Le nouvel article L. 130-1 du Code de la sécurité sociale vise, à son II, les mécanismes d’atténuation des effets de seuil. Une fois encore, l’étude d’impact de la loi PACTE avait dénombré de nombreux « dispositifs de limitation des effets de seuils qui sont instables, partiels et hétérogènes ». Or, les conséquences d’un franchissement à la hausse ou à la baisse d’un seuil sont majeures pour les entreprises et leurs salariés, telle la mise en place d’une institution représentative du personnel. Aussi faut-il saluer la nouvelle disposition du Code de la sécurité sociale qui énonce qu’un franchissement à la hausse d’un seuil ne sera pris en compte que lorsque ce seuil aura été atteint ou dépassé durant cinq années civiles consécutives. Ainsi, dès que l’entreprise repassera sous le seuil, pendant le délai de cinq ans, le délai courra à nouveau. De plus, un franchissement de seuil à la baisse provoquera, quant à lui, ses effets bien plus rapidement puisqu’il suffira de le constater sur une année civile complète. Bien que déclaré conforme à la Constitution par le Conseil constitutionnel (décision du 16 mai 2019, op. cit.) et assurant une simplification certaine, le II du nouvel article L. 130-1 du Code de la sécurité sociale demeure très critiqué (V. not.
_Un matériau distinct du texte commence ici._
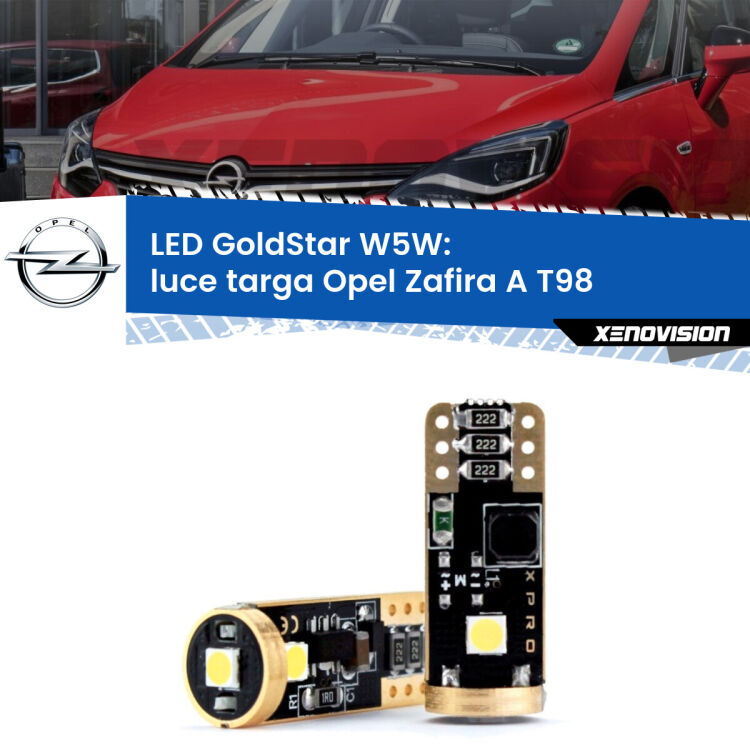 <strong>Luce Targa LED Opel Zafira A</strong> T98 2003 - 2005: ottima luminosità a 360 gradi. Si inseriscono ovunque. Canbus, Top Quality.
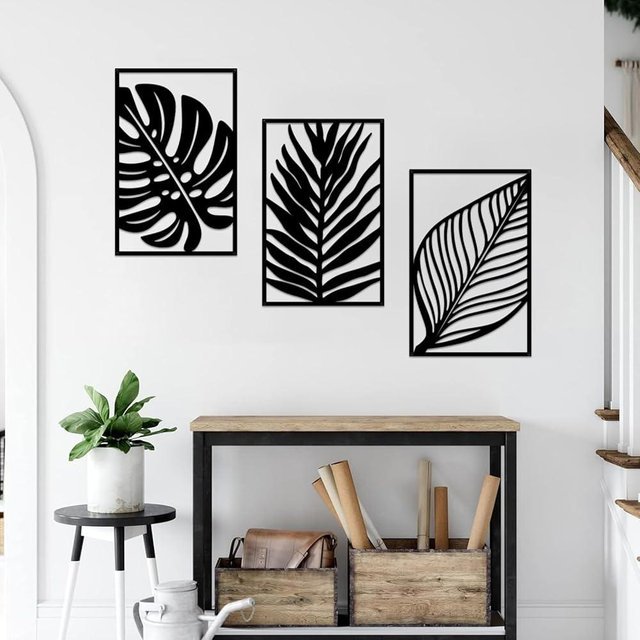 Resama 3 Pcs Boho Metal Wall Art Decor Leaf Sign Wall Vintage Tropical Plant Wall Rustic Palm Leaf Metal Wall Sculpture for Living room Bathroom Bedroom Office(Tropical Leaves)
C. Willmann, « Décompte des effectifs, nouveaux seuils : avancer pour mieux reculer », Droit social, 2019, p.10, n°53 et s.). Il est vrai qu’il existe un risque évident de détournement de la loi, mais ce nouvel encadrement législatif devrait contribuer à la croissance des entreprises en atténuant certains effets de seuil puisqu’il s’appliquera en droit de la sécurité sociale mais aussi à d’autres seuils d’effectif visés par la loi PACTE à ses articles 11 et 12 (V. par ex. : art. 44 octies A CGI ou art. L. 1231-15 du Code des transports). Il n’en demeure pas moins que l’application dans le temps de ce mécanisme d’harmonisation des effets de seuil fait naître quelques difficultés.
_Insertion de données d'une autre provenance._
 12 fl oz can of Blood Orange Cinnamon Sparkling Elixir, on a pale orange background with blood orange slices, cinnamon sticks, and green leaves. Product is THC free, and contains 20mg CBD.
4. L’application dans le temps des nouvelles règles

Les modalités d’entrée en vigueur des nouvelles règles de calcul et de franchissement des seuils d’effectif définies par l’article L. 130-1 du Code de la sécurité sociale soulèvent différentes interrogations envisagées par la loi PACTE. Il est ainsi prévu que l’article 11 de la loi PACTE entre en vigueur au 1er janvier 2020 sauf dispositions contraires. Ce même article 11 prévoit alors différentes mesures transitoires pour les anciens mécanismes d’atténuation ou de gel des effets de seuil. En matière fiscale, l’application des nouvelles règles semblent en revanche moins évidente. L’article 12 de la loi traite de l’application des nouvelles règles sur les seuils d’effectif à certains dispositifs fiscaux. Plusieurs hypothèses sont visées par le législateur qui prévoit, selon les dispositifs concernés, une application aux activités créées à compter du 1er janvier 2019, aux exercices ouverts à compter du 1er janvier 2019 ou à compter des impositions établies au titre de 2019. Deux difficultés méritent alors d’être signalées : comment faire lorsque l’exercice fiscal ne coïncide pas avec l’année civile visée par l’article L. 130-1 du code de la sécurité sociale ? De plus, comment cet article entrant en vigueur au 1er janvier 2020 peut-il s’appliquer en 2019 ? La simplification ici ne semble pas de mise et les éclairages de l’administration fiscale attendus.